Different encoding standard
UTF-8 supposed to be standard encoding, for Chinese characters GBK/GB2312 is still popularly using because it’s efficiency. UTF-8 will use 1-6 bytes to represent a char, most Chinese characters need 3 bytes storage, while GBK only take 2 bytes.
Given a bit stream like ’111000111000′, GBK will treat it as 11|10|00|11|10|00, while UTF-8 will treat it as 111|000|111|000, knowing the right string encoding is a must to avoid messy display.
Unicode
When developers represent the actual character encoding in code, usually they can add a prefix U/u with the hex code. This is what unicode look like.
For example: “中文” and “\\u4e2d\\u6587″ are same thing while the latter is just using unicode representation.
Conversion
Ruby 1.9 does support unicode to utf-8 conversion, by simply calling to switch between
Iconv.iconv("utf-8","unicode",escaped)
in Ruby 1.8, there are a few solutions.
Solution 1) Using JSON library,
escaped = "\\u4e2d\\u6587"
JSON.parse( %Q{["#{escaped}"]} )[0].should == "中文"
Solution 2) Manually convert
escaped = "\\u4e2d\\u6587"
unicode_utf8(escaped).should == "中文"
def unicode_utf8(unicode_string)
unicode_string.gsub(/\\u\w{4}/) do |s|
str = s.sub(/\\u/, "").hex.to_s(2)
if str.length < 8
CGI.unescape(str.to_i(2).to_s(16).insert(0, "%"))
else
arr = str.reverse.scan(/\w{0,6}/).reverse.select{|a| a != ""}.map{|b| b.reverse}
hex = lambda do |s|
(arr.first == s ? "1" * arr.length + "0" * (8 - arr.length - s.length) + s : "10" + s).to_i(2).to_s(16).insert(0, "%")
end
CGI.unescape(arr.map(&hex).join)
end
end
Encoding in JSON
JSON doesn’t have a HEAD section so no where we can set charset meta, using unicode is recommended, otherwise client won’t know how to display. In JSON for Ruby library, this can be done by just turning on ascii_only option.

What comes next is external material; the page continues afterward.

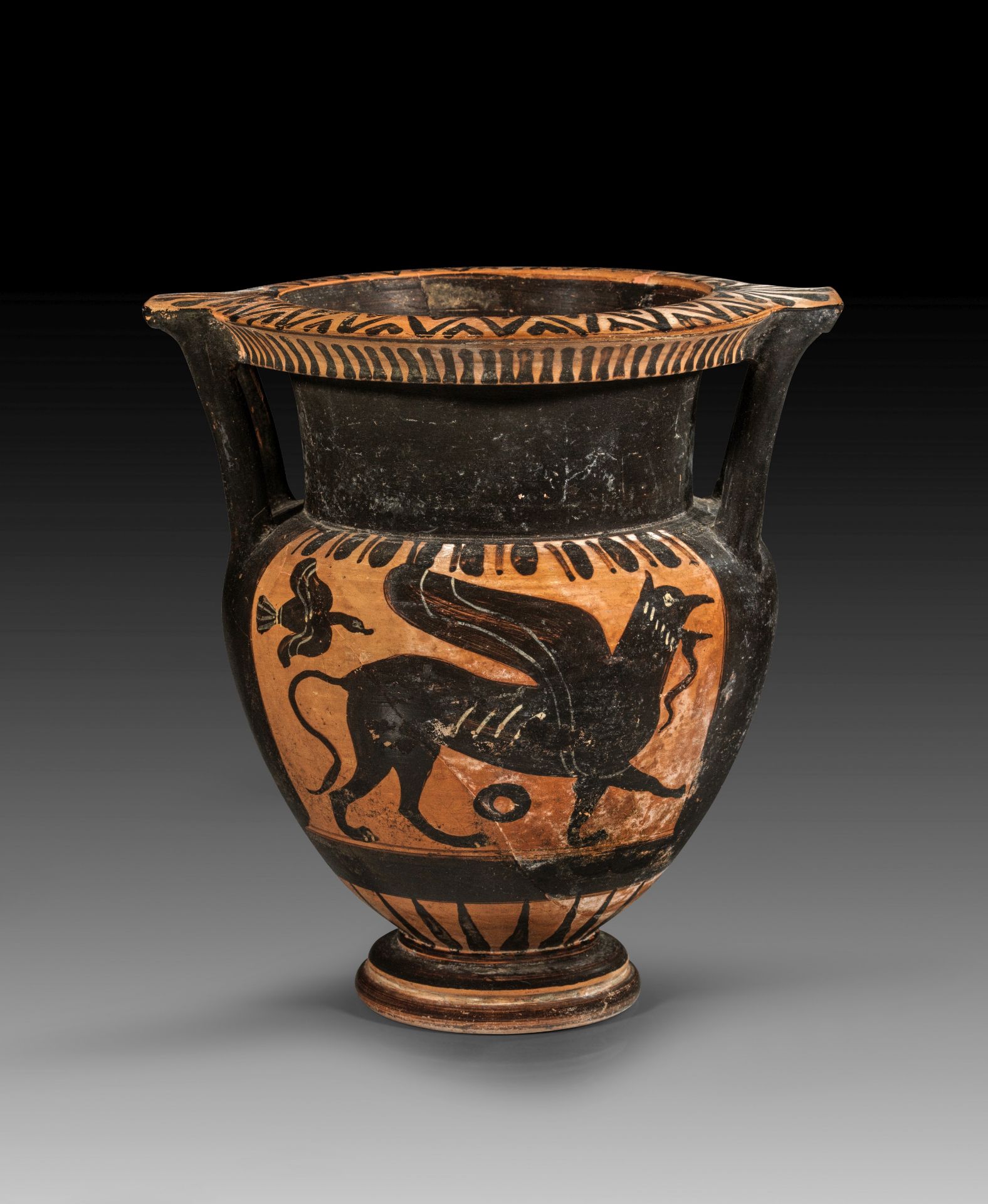 Etruscan black-figure column krater.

json_string = JSON.fast_generate(@sut,
:ascii_only => true
)
The other way (not using JSON) to get unicode given utf-8 in RUBY 1.8?

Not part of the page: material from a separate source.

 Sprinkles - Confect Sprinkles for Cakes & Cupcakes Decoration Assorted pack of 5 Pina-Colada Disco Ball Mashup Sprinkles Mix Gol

p "\\u"+@sut.title.unpack("U*").map{|c|"%04x" %c}.join("\\u")
Complete code demo:
it "should convert different encoding" do
@sut.title = "中文"
unicoded_title = "\\u4e2d\\u6587"
utf8_to_unicode(@sut.title).should == unicoded_title
json_string = JSON.fast_generate(@sut,
:ascii_only => true
)
JSON.parse(json_string)['title'].should == @sut.title
JSON.parse( %Q{["#{unicoded_title}"]} )[0].should == @sut.title
unicode_to_utf8(@sut.title).should == @sut.title
end
def unicode_to_utf8(unicode_string)
unicode_string.gsub(/\\u\w{4}/) do |s|
str = s.sub(/\\u/, "").hex.to_s(2)
if str.length < 8
CGI.unescape(str.to_i(2).to_s(16).insert(0, "%"))
else
arr = str.reverse.scan(/\w{0,6}/).reverse.select{|a| a != ""}.map{|b| b.reverse}
hex = lambda do |s|
(arr.first == s ? "1" * arr.length + "0" * (8 - arr.length - s.length) + s : "10" + s).to_i(2).to_s(16).insert(0, "%")
end
CGI.unescape(arr.map(&hex).join)
end
end
end
def utf8_to_unicode(string) # :nodoc:
'\\u'+string.unpack("U*").map{|c|"%04x" %c}.join('\\u')
end
About GBK
When getting GBK encoded webpage in Ruby using net/http, sometimes it just mess up all the characters. It happens to cUrl as well.
Switch to wget to get page to file, then parsing file is OK.
Don’t know why wget is better in dealing with different encoding.